PortraitsSaison 5

Être en deuil ensemble, entre israélien·nes et palestinien·nes – Robi – Parents Circle

Une vie marquée par le deuil

Robi est arrivée en Israël d’Afrique du Sud en 1967 ; elle arrivée comme volontaire après la guerre des Six Jours, pensant rester ici environ six mois. Elle souhaitait quitter l’Afrique du Sud car, étant très active dans le mouvement anti-apartheid, la situation devenait très tendue. Elle arrive en Israël et crée une relation d’amour et de haine avec ce pays, il était nécessaire qu’elle s’engage, et rapidement, pour la réconciliation.

Elle a travaillé en tant que journaliste au Jerusalem Post, puis auprès des personnes réfugiées. Robi a eu deux enfants qu’elle a élevés dans l’ouverture, David et Eran. David ne souhaitait pas faire son service militaire, mais il l’a fait, et à chaque fois qu’il devait aller en Cisjordanie occupée, il hésitait à partir, à déserter. Robi l’a toujours soutenu, et lui disait qu’elle le soutiendrait s’il allait en prison (les jeunes israélien·nes sont passibles de prison en refusant de servir au sein de l’armée israélienne). David est tué en 2002, sous les balles d’un sniper palestinien. Cet événement bouleverse complètement la vie de Robi, et c’est là qu’elle s’engage au sein du Forum des familles du Cercle des parents, ce cercle de personnes endeuillées qui rêvent d’un avenir meilleur.

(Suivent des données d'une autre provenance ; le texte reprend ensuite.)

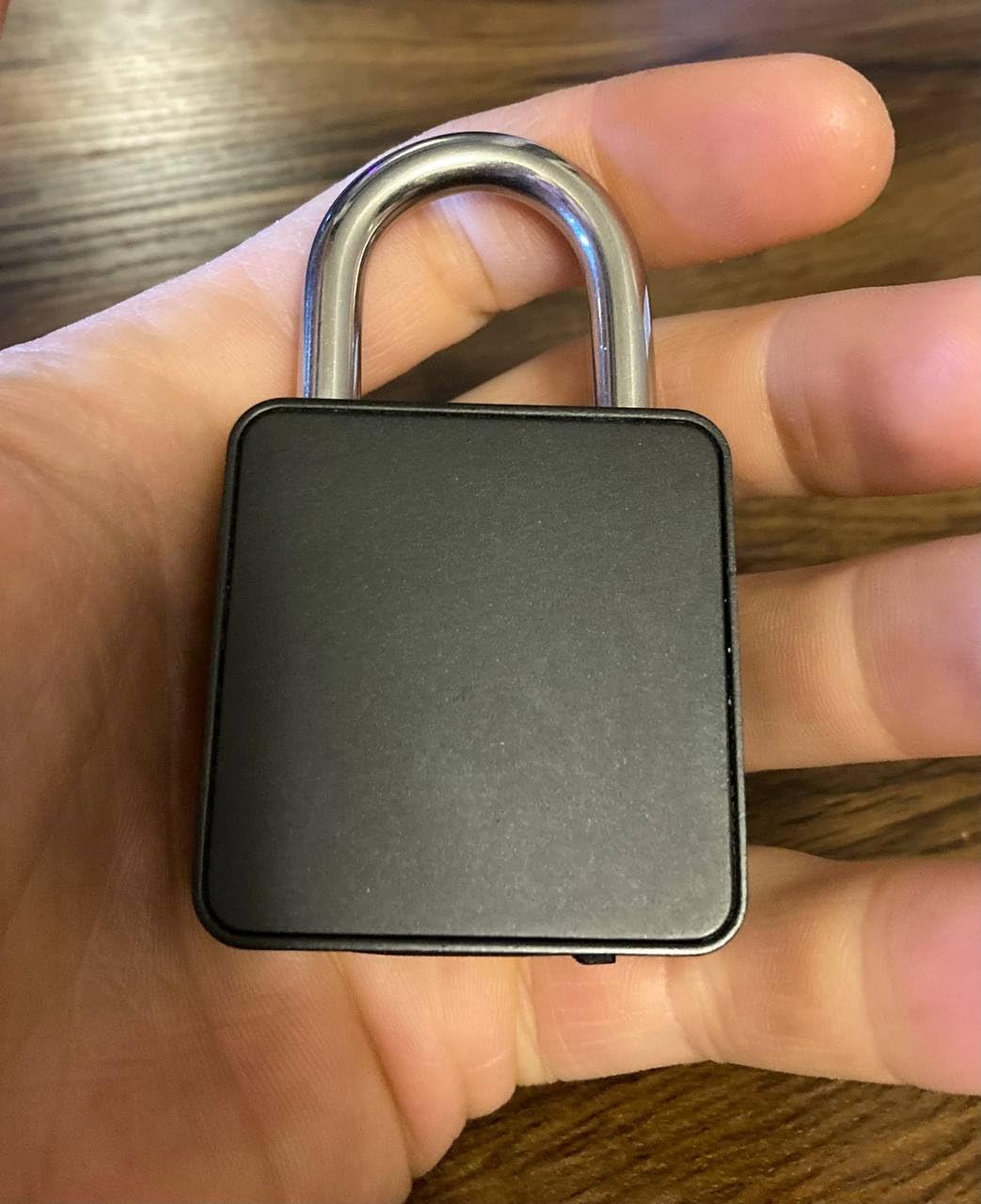 eLinkSmart Fingerprint Gym Locker Lock, Keyless Biometric Padlock, Weatherproof Electronic Digital Bluetooth App Smart Combination Pad Lock for Outdoor Fence Gate Storage Unit Pool Shed - Black customer photo 2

Il n’y a pas moyen que je perde espoir. Il faut avoir de l’espoir. C’est une équation énorme dans tout projet de paix. Vous n’obtiendrez jamais la paix sans espoir. Et je n’ai pas le luxe d’abandonner l’espoir.

Robi

Parents Circle, une organisation peu commune

Le Forum des familles du Cercle des parents est une organisation israélo-palestinienne composée de plus de 600 familles endeuillées. Leur point commun est qu’elles ont perdu un membre de leur famille proche dans le conflit. Ces familles ont choisi la voie de la réconciliation. Leurs témoignages, auprès de milliers de personnes, sont souvent bruts et toujours émouvants. Selon l’association, le changement naît de ces interactions. Ces membres endeuillés, armés de la crédibilité de leur perte et du chemin peu commun qu’ils et elles ont choisi, ont ouvert une brèche dans la psyché d’une population endurcie. Ils et elles ont commencé à susciter une prise de conscience du conflit qui transcende l’histoire et la politique. Si le PCFF espère le jour où les dirigeant·es politiques parviendront à un accord de paix, elles et ils sont fermement convaincu·es que la réconciliation entre les peuples israélien et palestinien est essentielle pour que la paix soit durable.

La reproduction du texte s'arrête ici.